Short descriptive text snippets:
· · · · · · ·

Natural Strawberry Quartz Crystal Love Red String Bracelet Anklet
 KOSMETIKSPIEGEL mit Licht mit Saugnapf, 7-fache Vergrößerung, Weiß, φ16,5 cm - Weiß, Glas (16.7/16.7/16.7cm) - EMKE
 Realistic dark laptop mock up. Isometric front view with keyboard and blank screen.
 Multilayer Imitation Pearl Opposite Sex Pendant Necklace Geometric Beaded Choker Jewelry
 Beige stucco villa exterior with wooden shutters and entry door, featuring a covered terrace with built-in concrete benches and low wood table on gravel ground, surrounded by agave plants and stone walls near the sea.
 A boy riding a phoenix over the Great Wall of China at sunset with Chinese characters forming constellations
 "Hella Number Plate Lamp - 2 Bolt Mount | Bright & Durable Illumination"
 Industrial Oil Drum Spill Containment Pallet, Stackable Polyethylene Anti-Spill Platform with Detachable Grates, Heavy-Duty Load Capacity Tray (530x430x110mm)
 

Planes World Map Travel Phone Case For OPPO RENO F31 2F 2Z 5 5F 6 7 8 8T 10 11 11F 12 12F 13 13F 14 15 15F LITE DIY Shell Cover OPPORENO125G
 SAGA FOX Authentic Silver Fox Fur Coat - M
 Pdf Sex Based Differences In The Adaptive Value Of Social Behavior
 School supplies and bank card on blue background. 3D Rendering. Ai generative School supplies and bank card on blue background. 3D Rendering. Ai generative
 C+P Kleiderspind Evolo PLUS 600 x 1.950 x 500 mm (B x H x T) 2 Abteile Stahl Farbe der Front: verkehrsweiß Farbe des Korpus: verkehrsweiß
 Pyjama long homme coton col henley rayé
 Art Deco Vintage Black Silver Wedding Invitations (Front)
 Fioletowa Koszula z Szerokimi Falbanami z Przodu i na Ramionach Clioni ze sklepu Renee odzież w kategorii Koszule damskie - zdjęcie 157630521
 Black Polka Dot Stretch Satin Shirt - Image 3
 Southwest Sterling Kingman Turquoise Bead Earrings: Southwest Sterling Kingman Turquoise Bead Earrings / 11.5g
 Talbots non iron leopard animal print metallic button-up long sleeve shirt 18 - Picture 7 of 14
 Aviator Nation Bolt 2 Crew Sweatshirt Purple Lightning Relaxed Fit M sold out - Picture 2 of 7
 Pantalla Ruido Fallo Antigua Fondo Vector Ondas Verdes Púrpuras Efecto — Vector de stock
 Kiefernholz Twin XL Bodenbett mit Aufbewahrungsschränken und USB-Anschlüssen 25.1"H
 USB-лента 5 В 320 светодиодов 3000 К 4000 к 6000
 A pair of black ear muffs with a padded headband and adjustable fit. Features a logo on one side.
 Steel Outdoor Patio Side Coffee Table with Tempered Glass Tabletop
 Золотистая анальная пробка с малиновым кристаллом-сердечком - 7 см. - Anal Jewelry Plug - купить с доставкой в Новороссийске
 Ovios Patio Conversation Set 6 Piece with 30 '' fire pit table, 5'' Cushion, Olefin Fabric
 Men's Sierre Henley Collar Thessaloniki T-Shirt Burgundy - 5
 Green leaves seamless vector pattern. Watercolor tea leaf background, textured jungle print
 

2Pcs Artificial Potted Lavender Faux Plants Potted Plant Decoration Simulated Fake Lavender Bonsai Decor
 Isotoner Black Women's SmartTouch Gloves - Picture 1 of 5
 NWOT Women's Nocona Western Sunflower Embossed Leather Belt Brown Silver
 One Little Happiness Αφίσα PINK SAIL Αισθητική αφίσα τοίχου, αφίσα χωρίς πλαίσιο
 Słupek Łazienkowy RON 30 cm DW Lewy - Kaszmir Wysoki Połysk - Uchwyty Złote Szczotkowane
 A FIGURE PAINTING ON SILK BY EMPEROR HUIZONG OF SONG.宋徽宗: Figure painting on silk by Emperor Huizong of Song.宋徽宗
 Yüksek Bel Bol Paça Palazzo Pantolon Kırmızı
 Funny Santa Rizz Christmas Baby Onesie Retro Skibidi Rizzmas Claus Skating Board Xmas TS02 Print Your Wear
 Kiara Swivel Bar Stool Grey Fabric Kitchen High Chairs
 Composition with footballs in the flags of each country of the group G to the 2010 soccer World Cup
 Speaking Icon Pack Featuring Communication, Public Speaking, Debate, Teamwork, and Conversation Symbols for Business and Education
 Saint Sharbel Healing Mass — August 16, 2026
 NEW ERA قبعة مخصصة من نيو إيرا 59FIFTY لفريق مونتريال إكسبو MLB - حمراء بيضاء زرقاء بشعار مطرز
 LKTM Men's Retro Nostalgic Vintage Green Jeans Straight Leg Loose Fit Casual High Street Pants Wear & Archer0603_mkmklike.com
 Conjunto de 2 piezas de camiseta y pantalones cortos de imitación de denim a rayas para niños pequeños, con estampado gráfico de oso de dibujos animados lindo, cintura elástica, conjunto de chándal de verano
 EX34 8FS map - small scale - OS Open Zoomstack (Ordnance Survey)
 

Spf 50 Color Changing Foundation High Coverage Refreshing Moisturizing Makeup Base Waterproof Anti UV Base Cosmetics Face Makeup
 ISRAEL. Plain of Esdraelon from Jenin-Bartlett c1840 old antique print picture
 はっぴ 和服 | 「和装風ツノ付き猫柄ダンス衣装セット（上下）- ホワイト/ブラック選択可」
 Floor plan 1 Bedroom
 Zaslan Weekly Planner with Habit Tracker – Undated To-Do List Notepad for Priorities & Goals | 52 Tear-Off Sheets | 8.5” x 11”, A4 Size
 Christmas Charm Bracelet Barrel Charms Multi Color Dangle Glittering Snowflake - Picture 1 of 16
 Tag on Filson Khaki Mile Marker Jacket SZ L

· · · · · · ·

A complete, exact transcription of the data above is required.

Natural Strawberry Quartz Crystal Love Red String Bracelet Anklet
 KOSMETIKSPIEGEL mit Licht mit Saugnapf, 7-fache Vergrößerung, Weiß, φ16,5 cm - Weiß, Glas (16.7/16.7/16.7cm) - EMKE
 Realistic dark laptop mock up. Isometric front view with keyboard and blank screen.
 Multilayer Imitation Pearl Opposite Sex Pendant Necklace Geometric Beaded Choker Jewelry
 Beige stucco villa exterior with wooden shutters and entry door, featuring a covered terrace with built-in concrete benches and low wood table on gravel ground, surrounded by agave plants and stone walls near the sea.
 A boy riding a phoenix over the Great Wall of China at sunset with Chinese characters forming constellations
 "Hella Number Plate Lamp - 2 Bolt Mount | Bright & Durable Illumination"
 Industrial Oil Drum Spill Containment Pallet, Stackable Polyethylene Anti-Spill Platform with Detachable Grates, Heavy-Duty Load Capacity Tray (530x430x110mm)
 

Planes World Map Travel Phone Case For OPPO RENO F31 2F 2Z 5 5F 6 7 8 8T 10 11 11F 12 12F 13 13F 14 15 15F LITE DIY Shell Cover OPPORENO125G
 SAGA FOX Authentic Silver Fox Fur Coat - M
 Pdf Sex Based Differences In The Adaptive Value Of Social Behavior
 School supplies and bank card on blue background. 3D Rendering. Ai generative School supplies and bank card on blue background. 3D Rendering. Ai generative
 C+P Kleiderspind Evolo PLUS 600 x 1.950 x 500 mm (B x H x T) 2 Abteile Stahl Farbe der Front: verkehrsweiß Farbe des Korpus: verkehrsweiß
 Pyjama long homme coton col henley rayé
 Art Deco Vintage Black Silver Wedding Invitations (Front)
 Fioletowa Koszula z Szerokimi Falbanami z Przodu i na Ramionach Clioni ze sklepu Renee odzież w kategorii Koszule damskie - zdjęcie 157630521
 Black Polka Dot Stretch Satin Shirt - Image 3
 Southwest Sterling Kingman Turquoise Bead Earrings: Southwest Sterling Kingman Turquoise Bead Earrings / 11.5g
 Talbots non iron leopard animal print metallic button-up long sleeve shirt 18 - Picture 7 of 14
 Aviator Nation Bolt 2 Crew Sweatshirt Purple Lightning Relaxed Fit M sold out - Picture 2 of 7
 Pantalla Ruido Fallo Antigua Fondo Vector Ondas Verdes Púrpuras Efecto — Vector de stock
 Kiefernholz Twin XL Bodenbett mit Aufbewahrungsschränken und USB-Anschlüssen 25.1"H
 USB-лента 5 В 320 светодиодов 3000 К 4000 к 6000
 A pair of black ear muffs with a padded headband and adjustable fit. Features a logo on one side.
 Steel Outdoor Patio Side Coffee Table with Tempered Glass Tabletop
 Золотистая анальная пробка с малиновым кристаллом-сердечком - 7 см. - Anal Jewelry Plug - купить с доставкой в Новороссийске
 Ovios Patio Conversation Set 6 Piece with 30 '' fire pit table, 5'' Cushion, Olefin Fabric
 Men's Sierre Henley Collar Thessaloniki T-Shirt Burgundy - 5
 Green leaves seamless vector pattern. Watercolor tea leaf background, textured jungle print
 

2Pcs Artificial Potted Lavender Faux Plants Potted Plant Decoration Simulated Fake Lavender Bonsai Decor
 Isotoner Black Women's SmartTouch Gloves - Picture 1 of 5
 NWOT Women's Nocona Western Sunflower Embossed Leather Belt Brown Silver
 One Little Happiness Αφίσα PINK SAIL Αισθητική αφίσα τοίχου, αφίσα χωρίς πλαίσιο
 Słupek Łazienkowy RON 30 cm DW Lewy - Kaszmir Wysoki Połysk - Uchwyty Złote Szczotkowane
 A FIGURE PAINTING ON SILK BY EMPEROR HUIZONG OF SONG.宋徽宗: Figure painting on silk by Emperor Huizong of Song.宋徽宗
 Yüksek Bel Bol Paça Palazzo Pantolon Kırmızı
 Funny Santa Rizz Christmas Baby Onesie Retro Skibidi Rizzmas Claus Skating Board Xmas TS02 Print Your Wear
 Kiara Swivel Bar Stool Grey Fabric Kitchen High Chairs
 Composition with footballs in the flags of each country of the group G to the 2010 soccer World Cup
 Speaking Icon Pack Featuring Communication, Public Speaking, Debate, Teamwork, and Conversation Symbols for Business and Education
 Saint Sharbel Healing Mass — August 16, 2026
 NEW ERA قبعة مخصصة من نيو إيرا 59FIFTY لفريق مونتريال إكسبو MLB - حمراء بيضاء زرقاء بشعار مطرز
 LKTM Men's Retro Nostalgic Vintage Green Jeans Straight Leg Loose Fit Casual High Street Pants Wear & Archer0603_mkmklike.com
 Conjunto de 2 piezas de camiseta y pantalones cortos de imitación de denim a rayas para niños pequeños, con estampado gráfico de oso de dibujos animados lindo, cintura elástica, conjunto de chándal de verano
 EX34 8FS map - small scale - OS Open Zoomstack (Ordnance Survey)
 

Spf 50 Color Changing Foundation High Coverage Refreshing Moisturizing Makeup Base Waterproof Anti UV Base Cosmetics Face Makeup
 ISRAEL. Plain of Esdraelon from Jenin-Bartlett c1840 old antique print picture
 はっぴ 和服 | 「和装風ツノ付き猫柄ダンス衣装セット（上下）- ホワイト/ブラック選択可」
 Floor plan 1 Bedroom
 Zaslan Weekly Planner with Habit Tracker – Undated To-Do List Notepad for Priorities & Goals | 52 Tear-Off Sheets | 8.5” x 11”, A4 Size
 Christmas Charm Bracelet Barrel Charms Multi Color Dangle Glittering Snowflake - Picture 1 of 16
 Tag on Filson Khaki Mile Marker Jacket SZ L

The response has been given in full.